Mike Damiano’s review published on Letterboxd:
"You finished writing a book before the good part happened," Molly's attorney quips at her while simultaneously making a meta-joke about the movie we're watching.
If "Molly's Game, the book" was the base of the cake, "Molly's Game, the movie" was the next two layers, decadent filling in between, and sweet sweet icing on top.
Sometimes, nonlinear stories can be difficult to get invested in because you already know the near-end result of the story (Molly gets arrested for her illegal gambling operation), so there isn't as much suspense when you're watching the setup. Definitely not the case with "Molly's Game"... I was invested so quickly in Molly's character that I really cared about her wellbeing. I wanted to suss out how she fell from the mountaintop high of millionaire and successful "event planner," to the valley low of indictee in a federal organized crime case. I wanted to watch the placement of all the cards in her gambling ring, so I could understand *how* the house collapsed.

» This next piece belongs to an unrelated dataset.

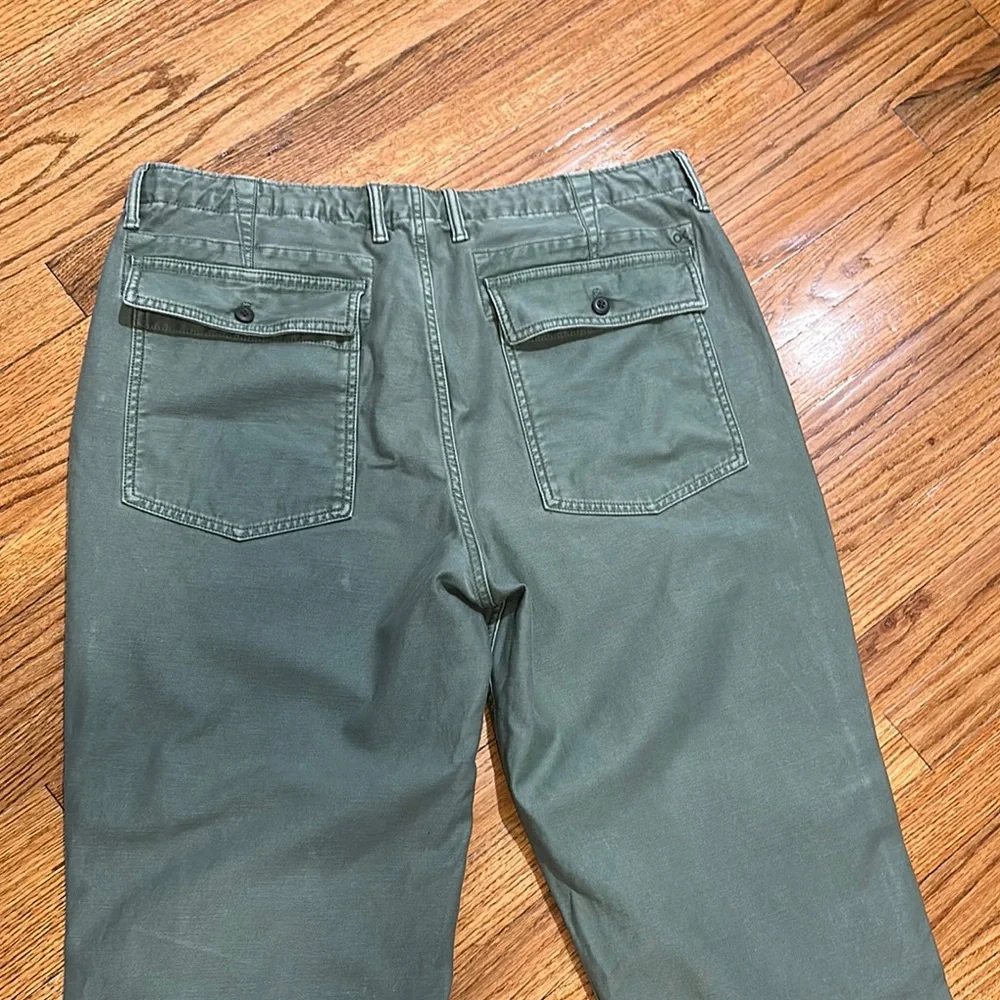 Outerknown Green Chino Pants Classic Style Excellent Condition - Picture 4 of 5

The incessant voiceover from Molly definitely irked me at first (one of my notes reads, "If I wanted this much background info, I would've read the book"), but it became more serviceable when I switched my point-of-view from Molly to Charlie. Instead of Molly monologuing directly to the audience for 50% of the movie, the VO makes more sense almost as the deposition that Molly is giving to the prosecutors, or as the explanation that she is giving to her attorney. Would I have wanted there to be less telling us the story and more showing us the story? Yes, if for no other reason than because my former screenwriting professor told me so. But the structure of running the past timeline (Molly's crimes) in parallel with the current timeline (Molly's indictment/deposition) wouldn't have worked without her connecting the two timelines by explaining what's happening in the past.